Your doctor may recommend a hemorrhoidectomy to treat large hemorrhoids that cause symptoms, such as rectal pain and bleeding. Your doctor may only consider a hemorrhoidectomy for you if other treatment options with less risk of complications are ineffective. Ask your doctor about all of your treatment options and consider getting a second opinion before deciding on a hemorrhoidectomy.
Your doctor may recommend a hemorrhoidectomy under the following conditions:
- You have additional anorectal conditions that require surgery.
- You have combined internal and external hemorrhoids.
- You have grade 3 or 4 prolapsed internal hemorrhoids. Prolapse means that the hemorrhoids are falling out of the anus. Grade 3 prolapse occurs with a bowel movement, but you can manually push the hemorrhoid back through your anus. A grade 4 prolapse cannot be put back.
- You’ve had minimally invasive procedures or other treatments that have not corrected the problem.
- You have significant amounts of bleeding from your hemorrohoids
- You have a strangulated internal hemorrhoid. This occurs when the anal sphincter traps the hemorrhoid and cuts off blood supply to the tissue.
- You have a hemorrhoid with blood clots (thrombosed external hemorrhoid) that recur after less invasive procedures.

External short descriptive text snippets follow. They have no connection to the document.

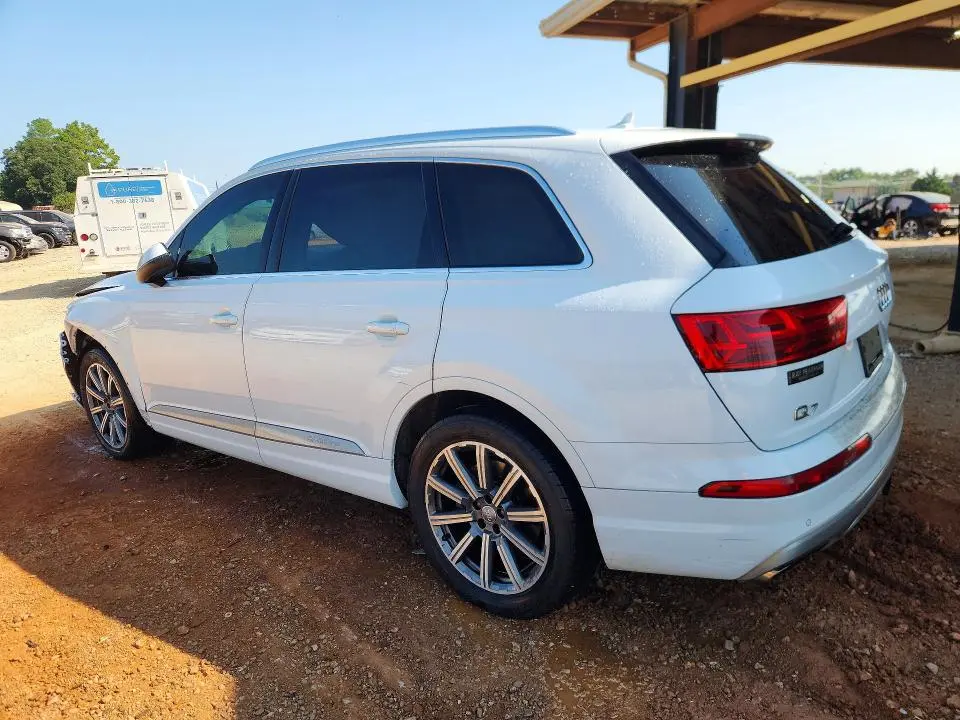 2019 AUDI Q7 PREMIUM  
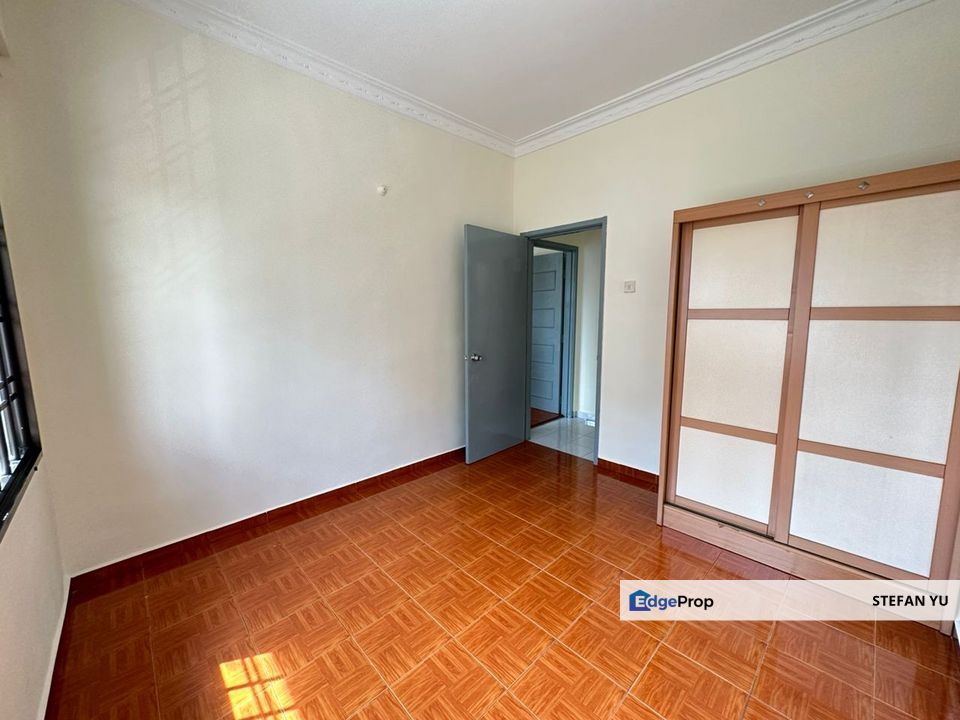 Sri Kenari Apartment Tampoi Indah / Full Loan / Renovated , Johor, Tampoi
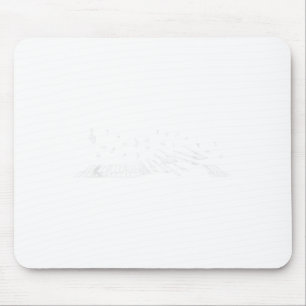 Clical Music Piano Player Gift Music Notes Piano _ Mouse Mat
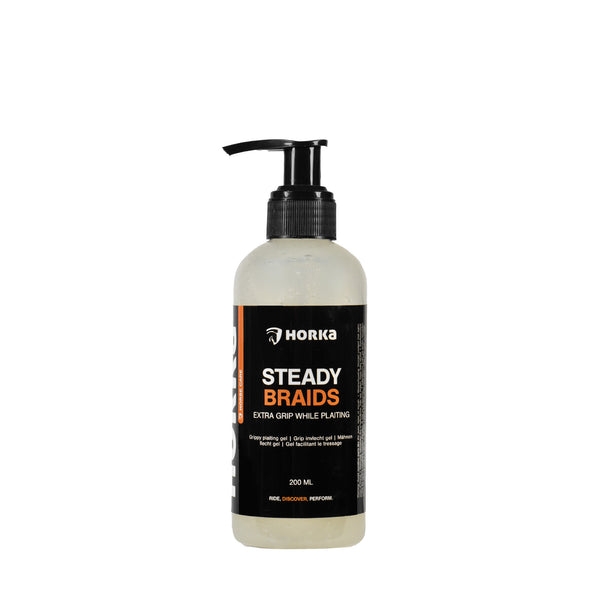 Steady Braids - Gel lissant à natter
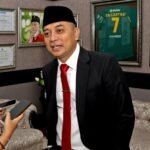 Wali Kota Eri Cahyadi
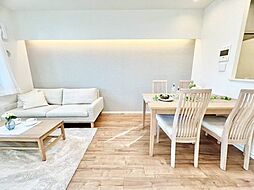 リビング/ダイニングの画像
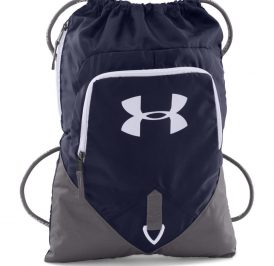 UNDER ARMOUR MOCHILA UNISEX 1261954-410 AZUL MARINHO - Imagem 1
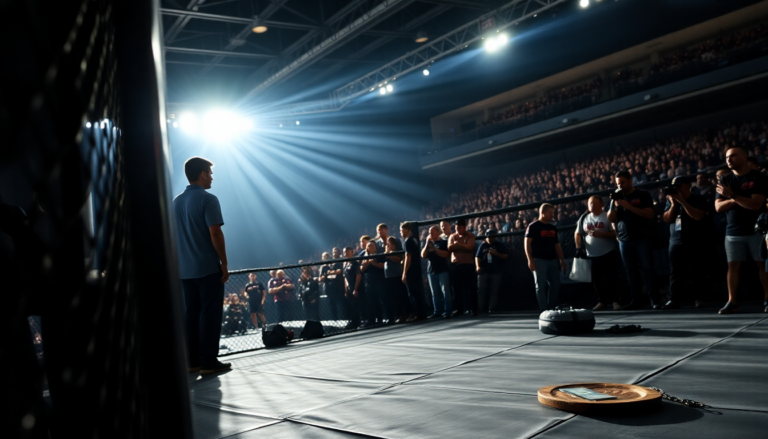 Rafa García busca la victoria ante Jared Gordon en su regreso a la UFC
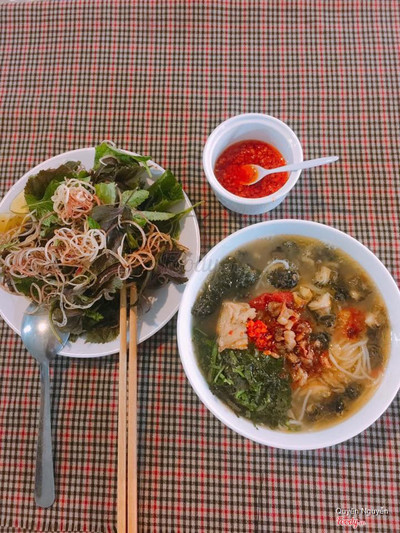 Bún ốc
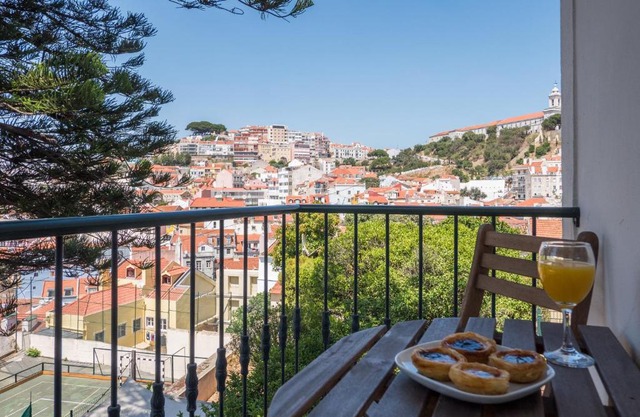 Rent4Rest Dream View Apartment Lisbon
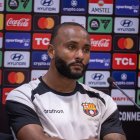 Leonai Souza jugador brasileño de Barcelona SC.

Who performs a hemorrhoidectomy?
The following specialists can perform a hemorrhoidectomy:
- General surgeons specialize in the surgical treatment of a variety of diseases, disorders and conditions.
- Colon and rectal surgeons are general surgeons with extra training in the surgical treatment of intestinal and rectal conditions.
- Proctologists specialize in diseases of the anus, rectum and colon using medical and surgical techniques.
How is a hemorrhoidectomy performed
Your hemorrhoidectomy will be performed in a hospital or outpatient surgery setting.
Your surgeon will insert a retractor into your anus after you have anesthesia. This allows your surgeon to see the hemorrhoids. The hemorrhoids are removed by cutting or stapling. Stitches are placed internally or externally. They are usually absorbable and do not need to be removed. Packing and dressings are then placed over the wounds.